Give back every record word for word, but keep the pictures out.

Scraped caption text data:
▼▼▼

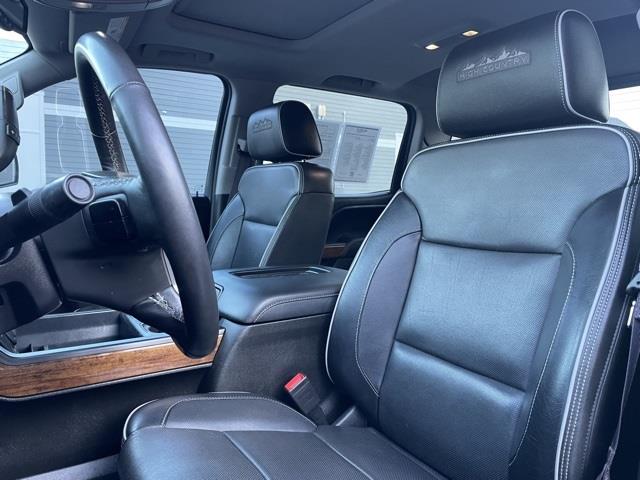 2017 Chevrolet Silverado 1500 High Country, available for sale in Brookfield, Connecticut | Blasius Federal Road. Brookfield, Connecticut 2017 Chevrolet Silverado 1500 High Country, available for sale in Brookfield, Connecticut | Blasius Federal Road. Brookfield, Connecticut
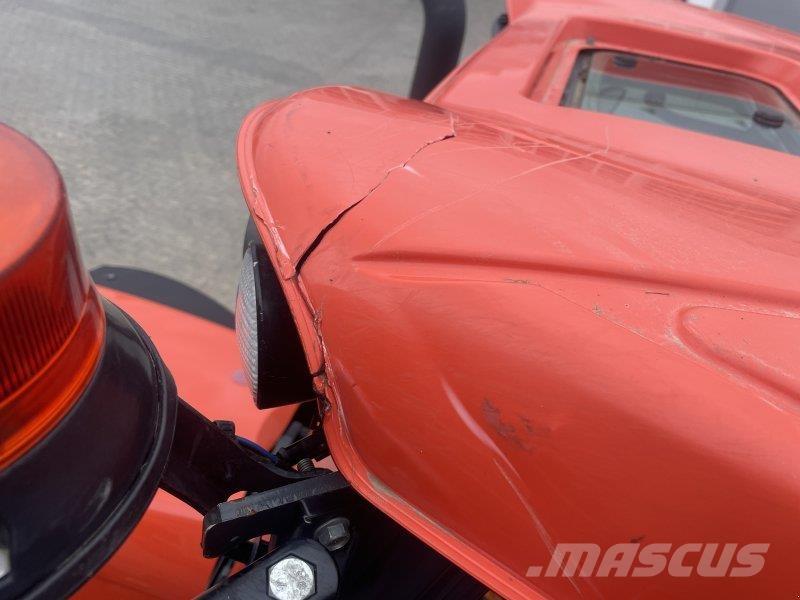 Kubota M 7153 الجرارات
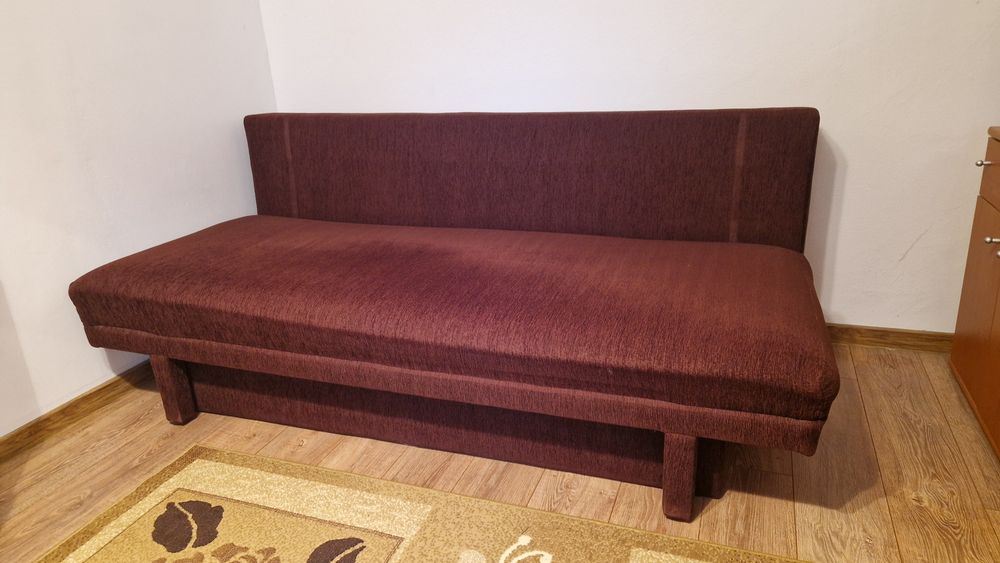 De vânzare - canapea extensibilă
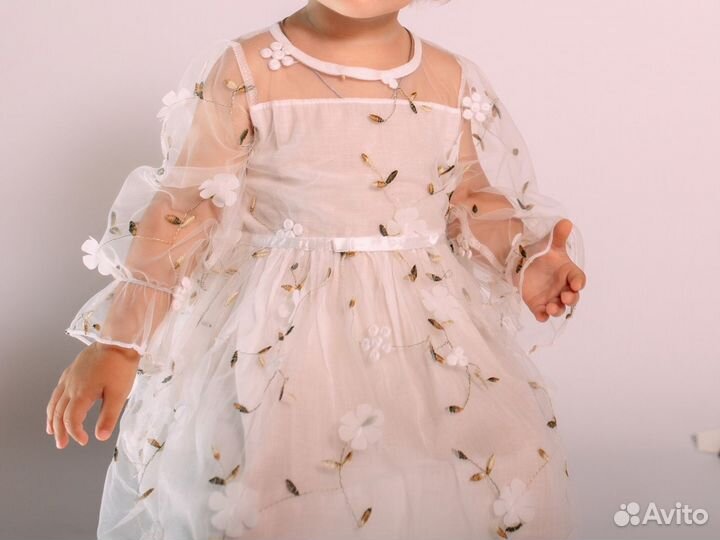 Платье для девочки 90
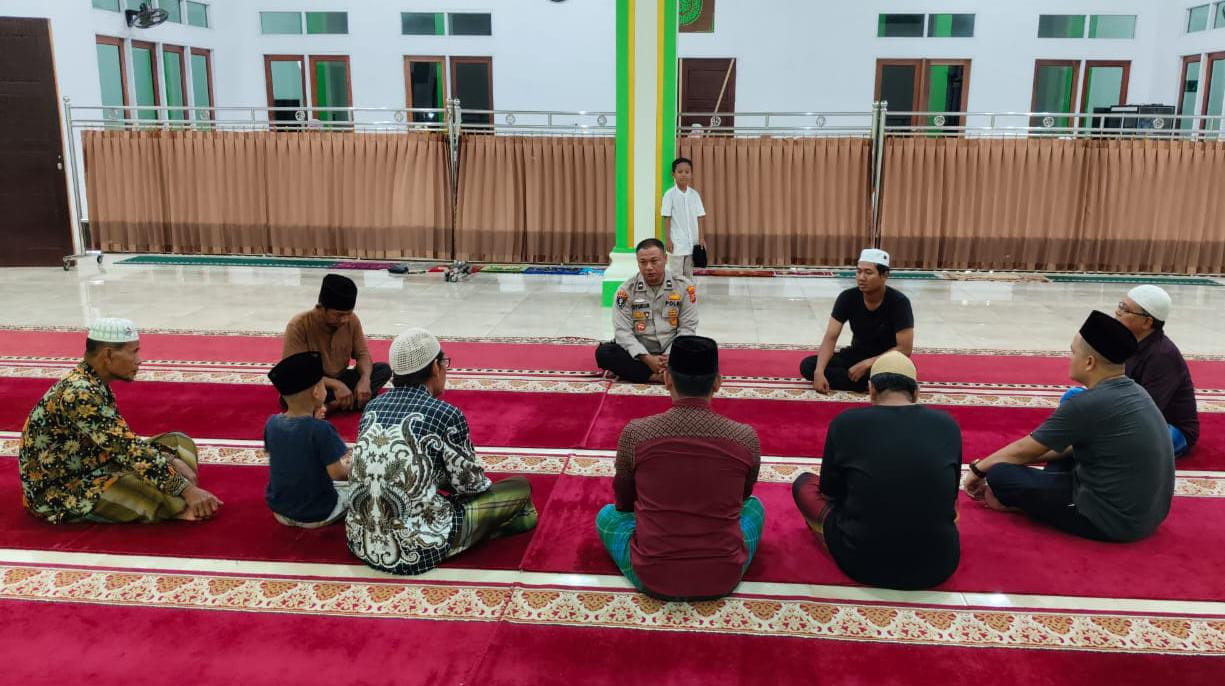 Polsek Tandun Salat Subuh Berjamaah dan Sampaikan Pesan Cooling System Pilkada Damai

▲▲▲

* Expected output
 2017 Chevrolet Silverado 1500 High Country, available for sale in Brookfield, Connecticut | Blasius Federal Road. Brookfield, Connecticut 2017 Chevrolet Silverado 1500 High Country, available for sale in Brookfield, Connecticut | Blasius Federal Road. Brookfield, Connecticut
 Kubota M 7153 الجرارات
 De vânzare - canapea extensibilă
 Платье для девочки 90
 Polsek Tandun Salat Subuh Berjamaah dan Sampaikan Pesan Cooling System Pilkada Damai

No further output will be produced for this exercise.